[Start of Attachment]
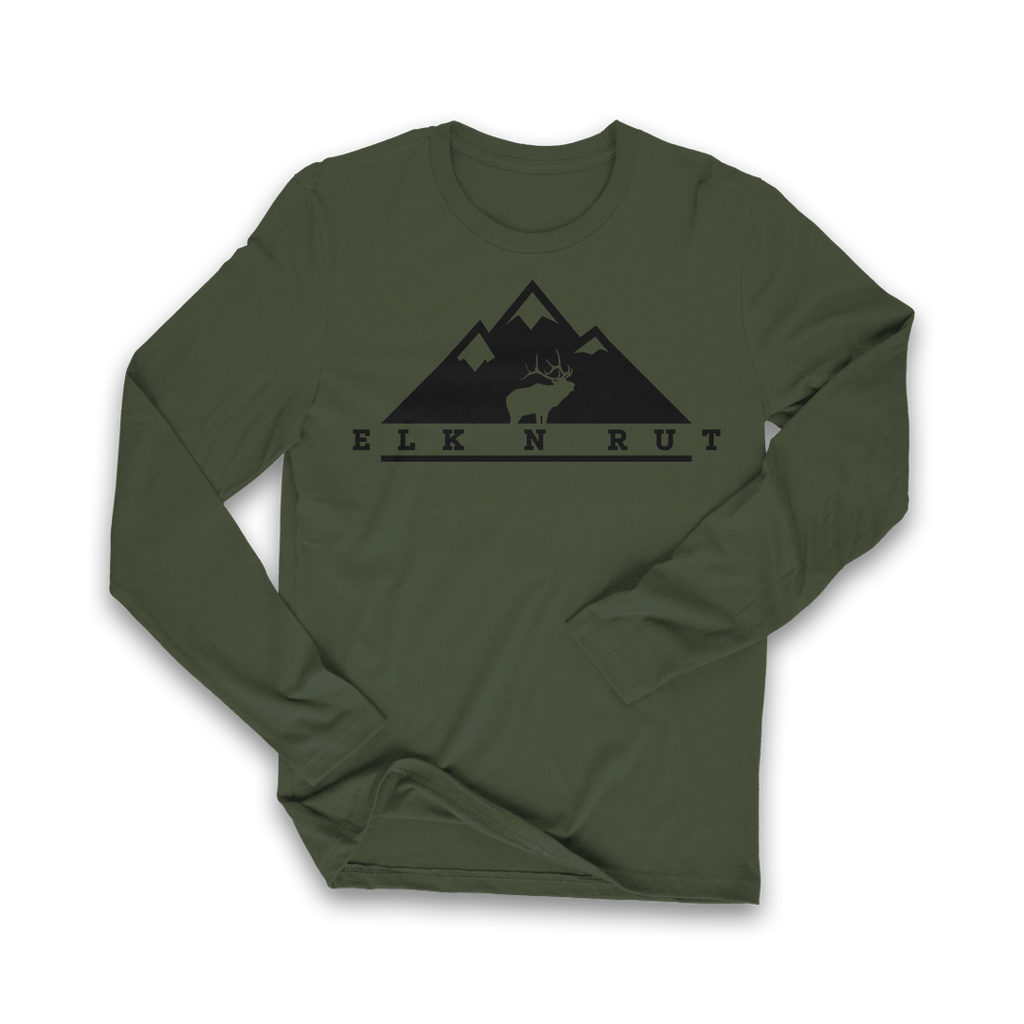 Glassin' Long Sleeve Military Green T-Shirt | Elk N Rut Apparel | Elk In Rut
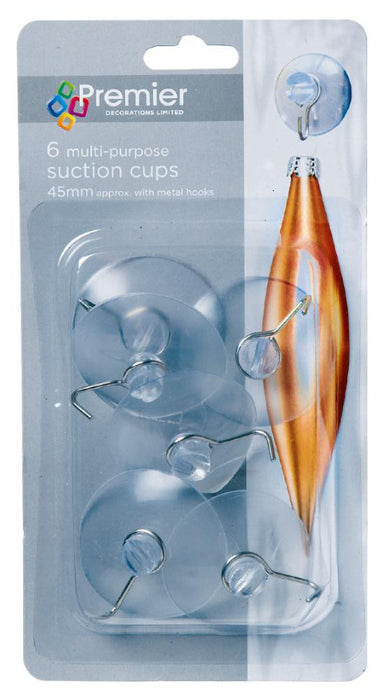 43mm Suction Cups with Metal Hook and Slot, Pack of 6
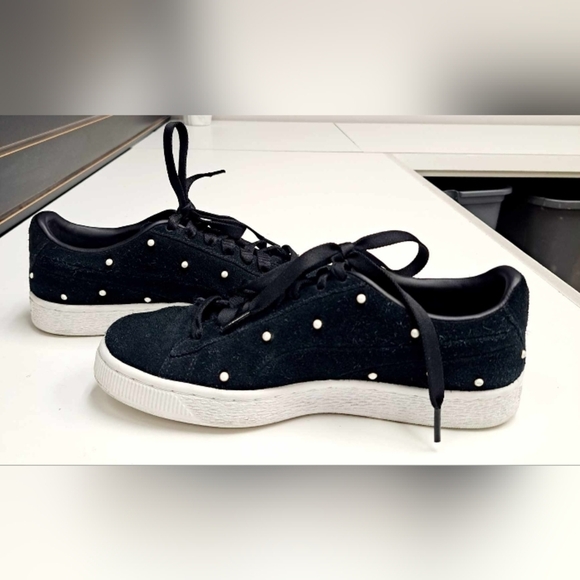 PUMA SUEDE PEARL STUDS WN SPuma Black-Puma Team Gold Sz 8.5 - Picture 8 of 8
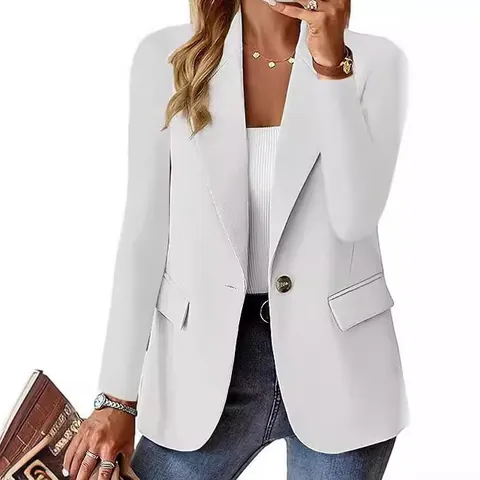 Women Casual Blazer Jacket Long Sleeve Solid Color Single Button Office Lapel Suit Outerwear Slim Fit Blazer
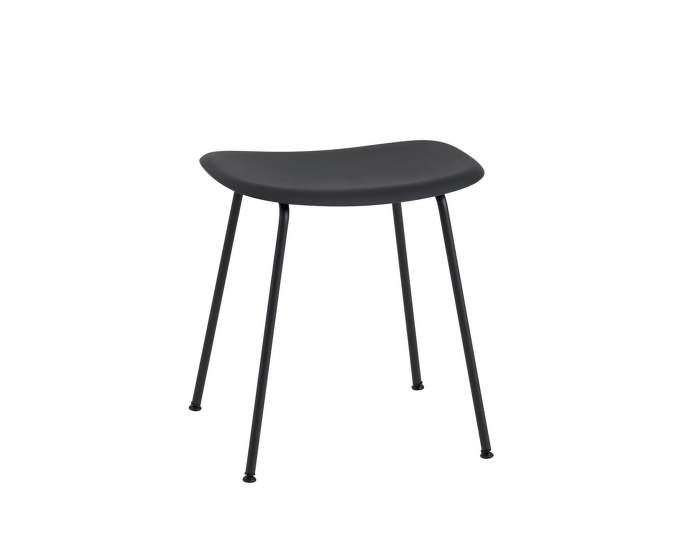 Stolička Fiber Stool s kovovou podnožou, black/black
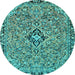 Round Abstract Light Blue Modern Rug, abs2849lblu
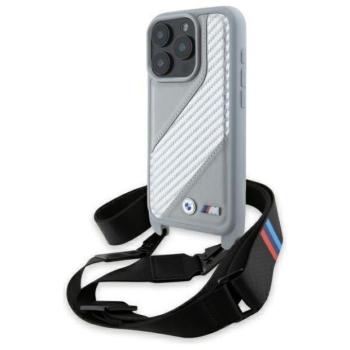 BMW BMHCP16X23PSCCG M Edition Carbon Stripe &amp; Strap keménytok iPhone 16 Pro Max - szürke kép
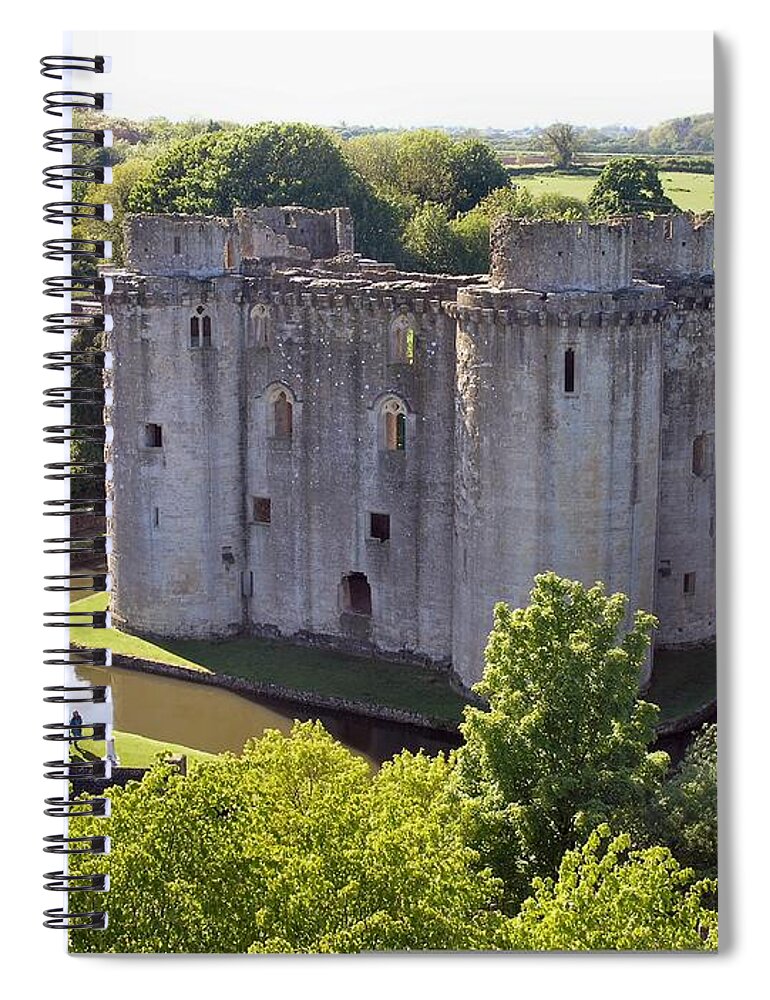 Castle Spiral Notebook featuring the photograph Nunney Castle by Ron Harpham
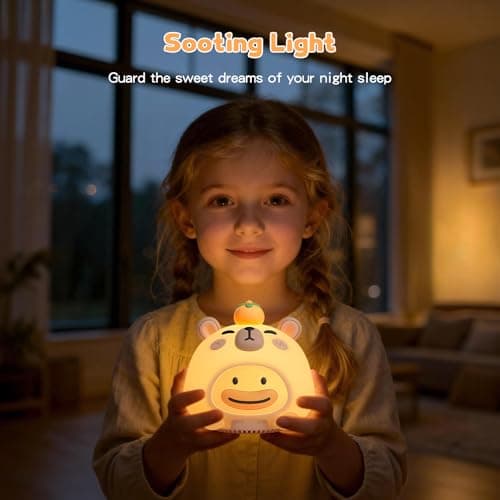 Baby Sound Machine, 20 Soothing Sounds White Nosie for Sleeping, Rechargeable Night Light with Speaker, 3 Brightness Levels Remote and Tap Control, Nursey Lamp for Baby, Kids Bed Room (Capybala) - Thumbnail 5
[End of Attachment]
**Work task**. Look back at the data above, then output exactly the lines from the line holding "BMW BMHCP16X23PSCCG M" up to and including the line holding "Castle Spiral Notebook". Leave out the pictures.

**Output of the exercise**.
 BMW BMHCP16X23PSCCG M Edition Carbon Stripe &amp; Strap keménytok iPhone 16 Pro Max - szürke kép
 Castle Spiral Notebook featuring the photograph Nunney Castle by Ron Harpham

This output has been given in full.